I am trying to get all the documents from the collection filtered by fields field1, field2 and field3. The query I have looks like:

db.collection1.find(
{
  field1: "test",
  array1: {
    $elemMatch: {
      array2: {
        $elemMatch: {
          field2: {
            $gte: 1
          }, 
          "object1.field3": "test"
        }
      }
    }
  }
})

This collection has ~125,000 documents. Given how the query has to skim through two nested arrays for filtering, one would expect this query to be slow. And it is, taking around 30-40 seconds.
So, to improve its performance, I created an index for all 3 fields, which looks like db.collection1.createIndex({"array1.array2.object1.field3": 1, "array1.array2.field2": 1, "field1": 1});

Using the index, the query is twice as fast, taking ~15 seconds. However, that is still too slow. I want to get the query <5 seconds. Any ideas on how I can improve the speed? In case it helps, I can add the query planner for both queries (using and not using index).
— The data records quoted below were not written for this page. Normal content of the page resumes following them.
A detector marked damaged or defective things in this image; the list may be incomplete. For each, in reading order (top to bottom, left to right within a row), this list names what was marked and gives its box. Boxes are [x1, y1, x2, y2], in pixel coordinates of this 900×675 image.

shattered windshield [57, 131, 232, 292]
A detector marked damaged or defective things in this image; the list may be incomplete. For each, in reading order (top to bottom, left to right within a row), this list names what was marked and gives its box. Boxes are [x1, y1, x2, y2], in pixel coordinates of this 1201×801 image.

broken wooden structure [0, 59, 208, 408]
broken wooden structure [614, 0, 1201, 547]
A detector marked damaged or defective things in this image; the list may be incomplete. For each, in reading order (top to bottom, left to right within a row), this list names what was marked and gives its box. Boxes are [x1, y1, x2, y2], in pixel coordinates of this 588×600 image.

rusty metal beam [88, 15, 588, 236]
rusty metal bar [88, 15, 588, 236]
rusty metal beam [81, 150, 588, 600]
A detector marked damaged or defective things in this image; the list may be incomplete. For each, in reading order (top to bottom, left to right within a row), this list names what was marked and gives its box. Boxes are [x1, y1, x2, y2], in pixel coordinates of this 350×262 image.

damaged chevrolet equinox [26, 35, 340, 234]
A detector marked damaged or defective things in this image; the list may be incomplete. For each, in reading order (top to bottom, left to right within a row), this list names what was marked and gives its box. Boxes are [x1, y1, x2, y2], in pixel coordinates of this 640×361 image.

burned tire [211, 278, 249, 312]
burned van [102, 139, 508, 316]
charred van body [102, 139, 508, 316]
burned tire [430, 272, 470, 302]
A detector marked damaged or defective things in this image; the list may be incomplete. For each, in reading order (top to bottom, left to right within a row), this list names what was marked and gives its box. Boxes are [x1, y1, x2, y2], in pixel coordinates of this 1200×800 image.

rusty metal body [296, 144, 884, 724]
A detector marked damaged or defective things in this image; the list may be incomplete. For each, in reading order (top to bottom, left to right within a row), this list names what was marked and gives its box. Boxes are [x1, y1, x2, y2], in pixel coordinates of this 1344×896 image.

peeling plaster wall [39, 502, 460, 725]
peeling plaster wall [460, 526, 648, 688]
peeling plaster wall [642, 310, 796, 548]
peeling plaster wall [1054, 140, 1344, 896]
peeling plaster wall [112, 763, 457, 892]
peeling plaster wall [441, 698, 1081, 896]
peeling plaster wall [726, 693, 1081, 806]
EDIT: I tried using all 6 possible combinations of different ordering of the fields in the index, and they all had the same results. So then I paid more attention to the query planner and execution stats of the query and I noticed something:

"queryPlanner" : {
        "plannerVersion" : 1,
        "namespace" : "db.collection1",
        "winningPlan" : {
            "stage" : "FETCH",
            "inputStage" : {
                "stage" : "IXSCAN",
                "indexName" : "fields_index"
            }
        }
    },
    "executionStats" : {
        "executionSuccess" : true,
        "executionTimeMillis" : "15602.784",
        "planningTimeMillis" : "0.248",
        "executionStages" : {
            "stage" : "FETCH",
            "nReturned" : "0",
            "executionTimeMillisEstimate" : "15602.130",
            "inputStages" : [
                {
                    "stage" : "IXSCAN",
                    "nReturned" : "300220",
                    "executionTimeMillisEstimate" : "87.616",
                    "indexName" : "fields_index"
                },
                {
                    "nReturned" : "0",
                    "executionTimeMillisEstimate" : "0.018"
                }
            ]
        }
    },
    "serverInfo" : {
        "host" : "mongo-instance",
        "port" : 27017,
        "version" : "3.6.0"
    },
    "ok" : 1

It seems that the FETCH stage is the one taking extremely long, not the index scan. Why is that? Also, with the parameters I am using, the query is meant to return no results. The FETCH stage does return 0 results, but the index scan returns 300220 documents. Why?

Solution

I found out the issue. Something I didn’t mention in my original question is that I am using AWS’ DocumentDB service, which has MongoDB compatibility. According to this, under the section "$ne, $nin, $nor, $not, $exists, and $elemMatch Indexing", it says that DocumentDB does not support using indexes with $elemMatch. The reason my query was using the index is because it used it for field1, which is not under $elemMatch. However, it did not work for the other two, so it still had to do a scan over thousands of results and filter by field2 and field3.

The way I fixed it was by rewriting my query. According to MongoDB documentation, I don’t need to use $elemMatch for my query. So my query now looks like:

db.collection1.find(
{
  field1: "test",
  "array1.array2.field2": {
    $gte: 1
  }, 
  "array1.array2.object1.field3": "test"
})

The query functionally does the exact same, but this way it actually uses the index. It now takes <1 second to run the query. Thanks for all the help and great suggestions from everyone!